The final determination of the tax commission upon any application for the correction of an assessment shall be rendered not later than the twenty-fifth day of May. Otherwise, the assessment objected to shall be deemed to be the final determination of the tax commission.

Section 165-a.

Section 165-a. Notices of final determination on applications for owner-occupied residential property.

On or before the last day provided by law for the rendering of the final determination of the tax commission pursuant to section one hundred sixty-five of this charter the tax commission shall mail to each applicant who has filed an application for the correction of the assessment of a one, two or three family residential structure, except such property held in a cooperative or condominium form of ownership, a notice of the tax commission’s determination of his or her assessment. Such notice shall also contain the statement: “If you are dissatisfied with the determination of the New York city tax commission and you are the owner of a one, two or three family residential structure and reside at such residence, you may seek judicial review of your assessment either under title one of article seven of the real property tax law or under the small claims assessment review law provided by title one-A of article seven of the real property tax law.” Such notice shall also state the last date to file petitions for judicial review and the location where small claims assessment review petitions may be obtained. Failure to mail any such notice or failure of the applicant to receive the same shall not affect the validity of the assessment.

Section 166.

Section 166. Proceeding to review final determination of the tax commission.
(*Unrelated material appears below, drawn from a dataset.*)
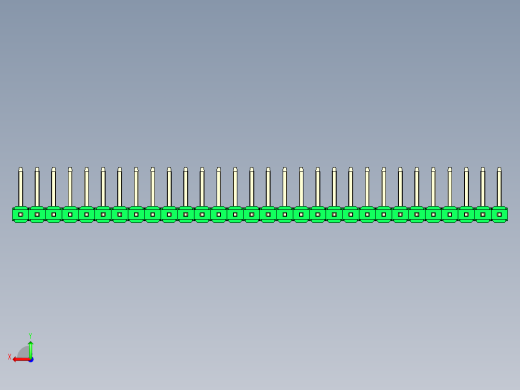 彩色公排针 100mil 2.54mm 系列-DS1022_green_30p_100mil_TypeU_rev1.0后视缩略图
A proceeding to review or correct on the merits any final determination of the tax commission may be had as provided by law, and if brought to review a determination mentioned in section one hundred sixty-five must be commenced before the twenty-fifth day of October following the time when the determination sought to be reviewed or corrected was made.

Section 167.

Section 167. Exemptions for persons sixty-five years of age or over. [Repealed]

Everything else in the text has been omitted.